Edit on github

External Python DAG

If you need additional libraries for your DAG such as pandas, let us know so that we can configure them in your environment.

Note

Below we make use of a python_scripts folder inside the orchestrate folder and develop as a best practice we locate our custom scripts in this location.

orchestrate/python_scripts

#sample_script.py

import pandas as pd

def print_sample_dataframe():

    # Creating a simple DataFrame
    data = {'Name': ['Alice', 'Bob', 'Charlie'],
            'Age': [25, 30, 35],
            'City': ['New York', 'San Francisco', 'Los Angeles']}

    df = pd.DataFrame(data)

    # Displaying the DataFrame
    print("DataFrame created using Pandas:")
    print(df)

print_sample_dataframe()

orchestrate/dags

Create a DAG in the dags folder.

To run the custom script from an Airflow DAG, you will use the DatacovesBashOperator as seen in the python_task below.

Tip

See Datacoves Operators documentation for more information on the Datacoves Airflow Operators.

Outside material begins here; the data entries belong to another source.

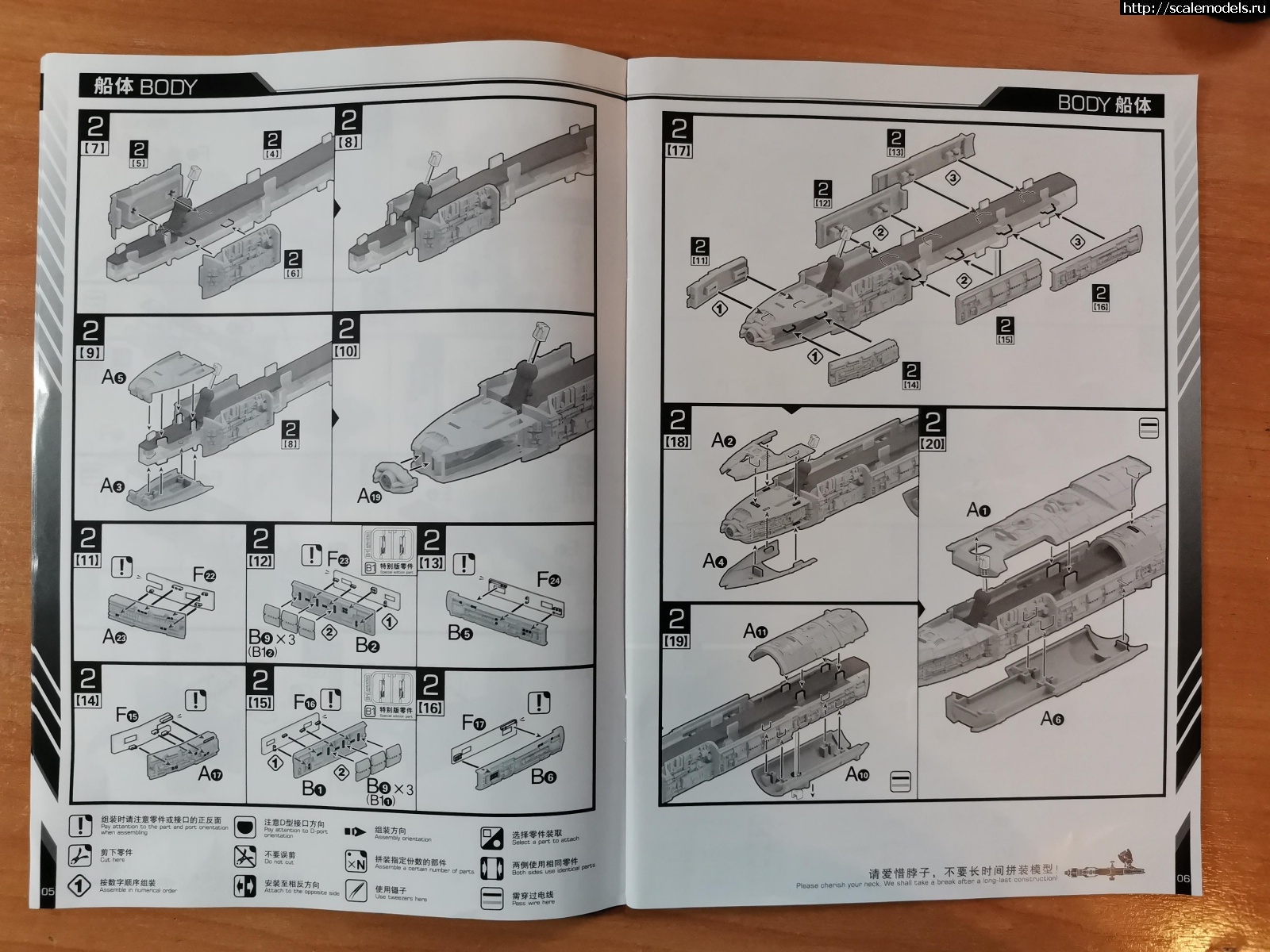 1640630187_IMG_20211120_112914.jpg : Обзор Qisheng Dream Gear 1/3000 Arkhitect Advanced Research Colonizer Iwata Airbrush Shaped Model Kit Закрыть окно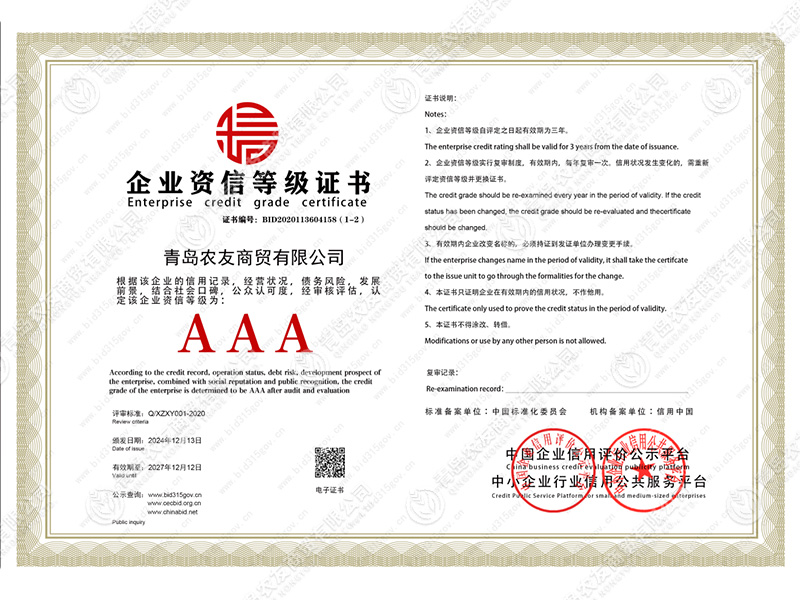 企业资信等级证书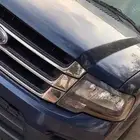 اكسبيدشن قصير 2016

from airflow.decorators import dag
from operators.datacoves.bash import DatacovesBashOperator
from pendulum import datetime

# Only here for reference, this is automatically activated by Datacoves Operator
DATACOVES_VIRTUAL_ENV = "/opt/datacoves/virtualenvs/main/bin/activate"

@dag(
    default_args={
        "start_date": datetime(2022, 10, 10),
        "owner": "Noel Gomez",
        "email": "gomezn@example.com",
        "email_on_failure": True,
    },
    catchup=False,
    tags=["version_6"],
    description="Datacoves Sample dag",
    # This is a regular CRON schedule. Helpful resources
    # https://cron-ai.vercel.app/
    # https://crontab.guru/
    schedule_interval="0 0 1 */12 *",
)
def datacoves_sample_dag():

    # This is calling an external Python file after activating the venv
    # use this instead of the Airflow Python Operator
    python_task = DatacovesBashOperator(
        task_id = "run_python_script",
        # Virtual Environment is automatically activated. Can be set to False to access Airflow environment variables.
        # activate_venv=True,
        bash_command = "python orchestrate/python_scripts/sample_script.py"
    )

# Invoke Dag
dag = datacoves_sample_dag()